**What you need to do**
From the line with "Postel nebo postele" to the line with "Crime scene tape", output every line below exactly, both ends included. Skip the pictures.

**Records shown**
'''
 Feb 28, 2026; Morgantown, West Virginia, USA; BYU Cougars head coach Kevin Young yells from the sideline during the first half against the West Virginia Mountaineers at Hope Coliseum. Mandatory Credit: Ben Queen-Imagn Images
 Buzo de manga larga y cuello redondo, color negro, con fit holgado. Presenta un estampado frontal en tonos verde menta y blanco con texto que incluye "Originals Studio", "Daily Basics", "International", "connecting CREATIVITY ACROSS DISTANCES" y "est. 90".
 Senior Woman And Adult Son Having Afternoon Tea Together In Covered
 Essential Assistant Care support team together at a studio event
'''
'''
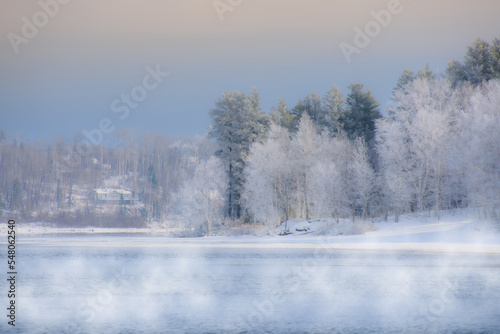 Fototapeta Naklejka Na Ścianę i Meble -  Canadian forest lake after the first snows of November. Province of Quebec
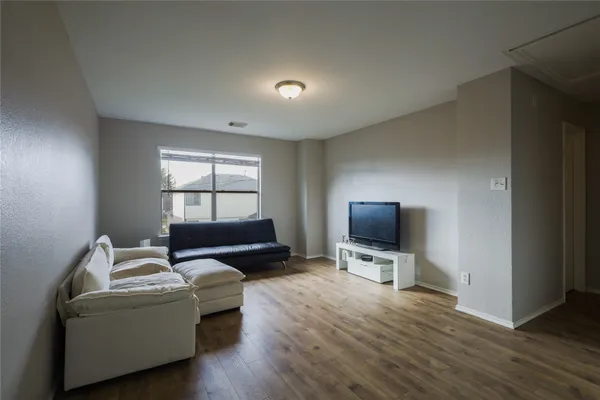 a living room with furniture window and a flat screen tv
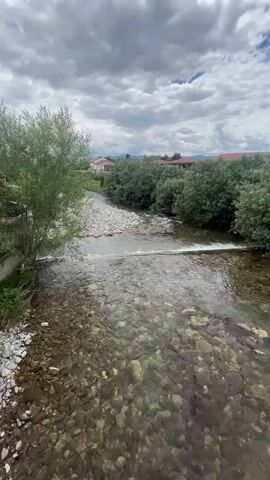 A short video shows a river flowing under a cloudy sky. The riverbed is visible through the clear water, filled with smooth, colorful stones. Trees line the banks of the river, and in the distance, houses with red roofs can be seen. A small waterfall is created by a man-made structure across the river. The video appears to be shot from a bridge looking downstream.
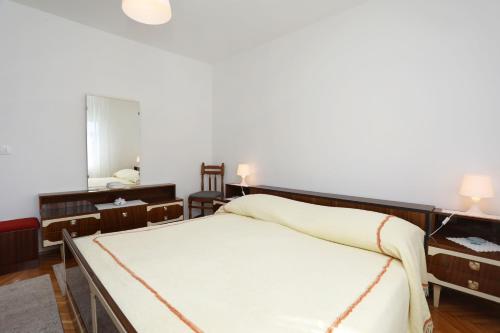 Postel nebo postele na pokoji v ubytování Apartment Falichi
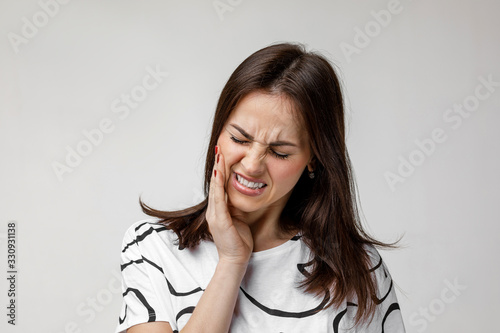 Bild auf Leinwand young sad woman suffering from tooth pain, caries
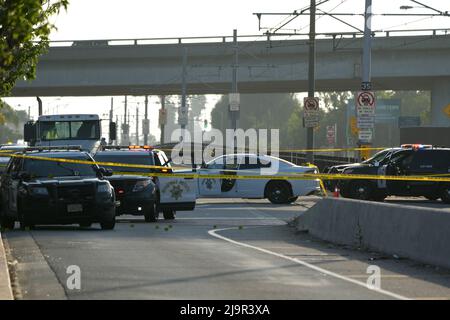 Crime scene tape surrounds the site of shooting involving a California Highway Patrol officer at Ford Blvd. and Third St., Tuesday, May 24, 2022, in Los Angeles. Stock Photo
'''
'''
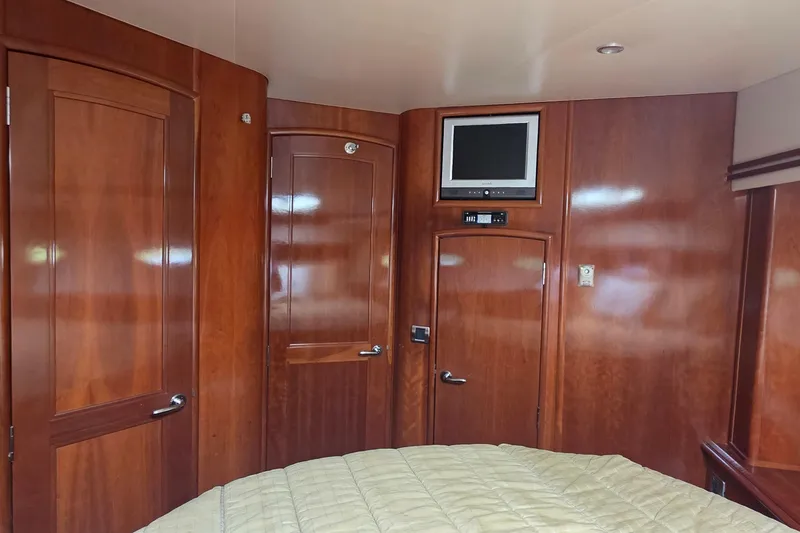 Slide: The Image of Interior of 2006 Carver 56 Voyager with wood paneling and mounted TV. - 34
'''
**Output**
 Postel nebo postele na pokoji v ubytování Apartment Falichi
 Bild auf Leinwand young sad woman suffering from tooth pain, caries
 Crime scene tape surrounds the site of shooting involving a California Highway Patrol officer at Ford Blvd. and Third St., Tuesday, May 24, 2022, in Los Angeles. Stock Photo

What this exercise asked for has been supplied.